Al lado de mi madre, yo era una tabla desgarbada. No te preocupes, decía, en un par de años lo arreglaremos. Lo que más me urgía era ponerme tetas. En la fecha prometida ella estaba centrada en resolver sus problemas de patas de gallo y la reafirmación de los glúteos. Me pidió paciencia. Imposible, paciencia agotada, y acudí al micromecenazgo

familiar sin desvelar mi propósito. Mi abuela fue muy generosa, para ella yo era perfecta y no me habría financiado de haberlo sabido. Me operé a escondidas de mi madre por miedo a que desviara la recaudación a sus propios fines. Quedaron de sobresaliente. A la nena le ha crecido el pecho, comentaba mi abuela. Los chicos de la pandilla también lo notaron. Me sentía orgullosa, pero mi felicidad no era plena, con un poco más de volumen en el trasero luciría mucho mejor.

Mientras tanto el reno, a la intemperie, seguía inmutable, y cualquier despeinado se arreglaba con un chasquido de tijeras. Mi madre, sin embargo, tenía muchos inconvenientes: el sol, el azúcar, la calima, el insomnio, la falta de ejercicio, la edad. Su mantenimiento era más aparatoso. Contemplar la figura arbustiva que dominaba el césped me hacía pensar en las ventajas de los vegetales, quería ser como la escultura verde. Con esta idea mi arraigo por los tratamientos se fortalecía.
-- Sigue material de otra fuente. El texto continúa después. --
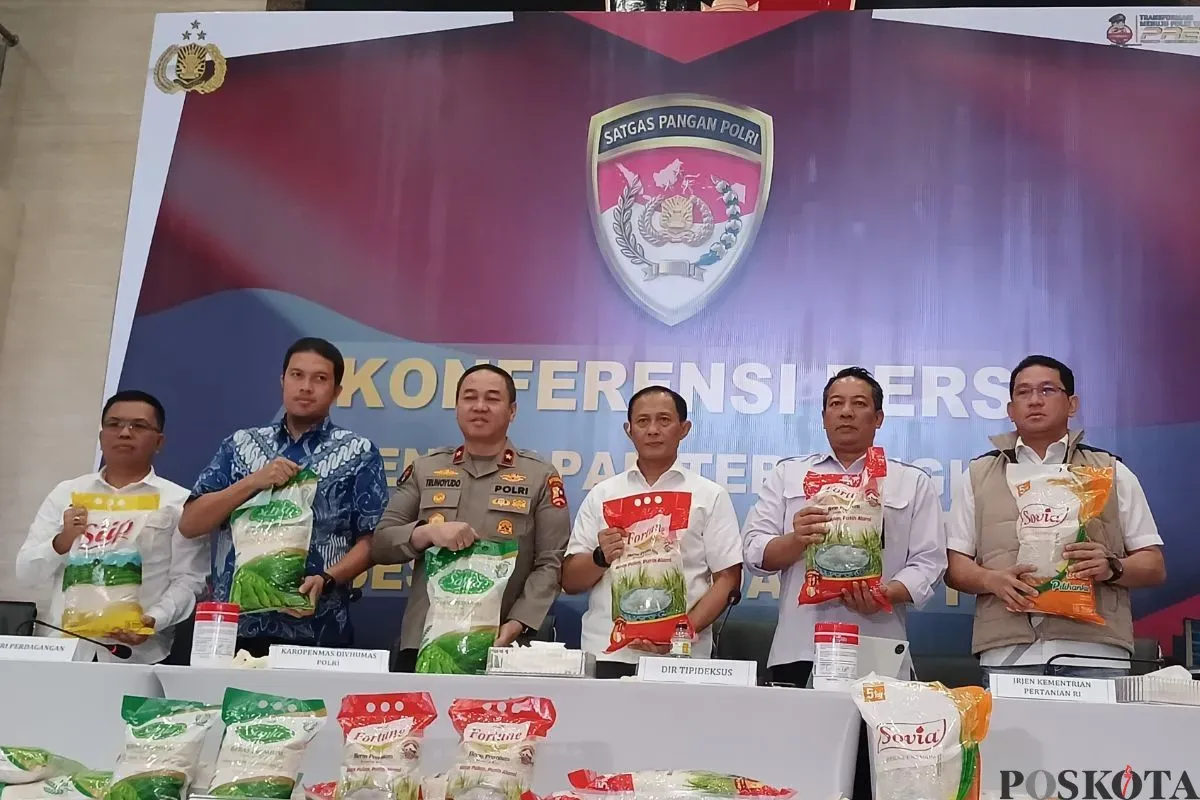 Satgas Pangan Bareskrim Polri menetapkan tiga tersangka kasus produksi dan peredaran beras premium yang tidak memenuhi standar mutu nasional di Bareskrim Polri, Jakarta Selatan, Selasa, 5 Agustus 2025. (Sumber: Poskota/Ali Mansur)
Por aquel tiempo, el jardinero había iniciado la transformación de otro seto al que yo miraba como a un igual, los dos estábamos inmersos en un proceso evolutivo, pero del que recelaba. Había superado los días del conejito, el apelativo preferido de mi madre, y observaba la poda como quien mira a un modelo. Los avances iban confirmando mis sospechas. Yo también hacía progresos. Me remodelé la cintura, la espalda y el abdomen. Cuando el jardinero manifestó curiosidad (no sabía en qué me estaba convirtiendo) le contesté, ya veremos. De la última intervención, relleno labial, he salido con boca de pato. Él, que lleva semanas moldeando a Donald, me ha mirado con codicia. El pico se le resiste.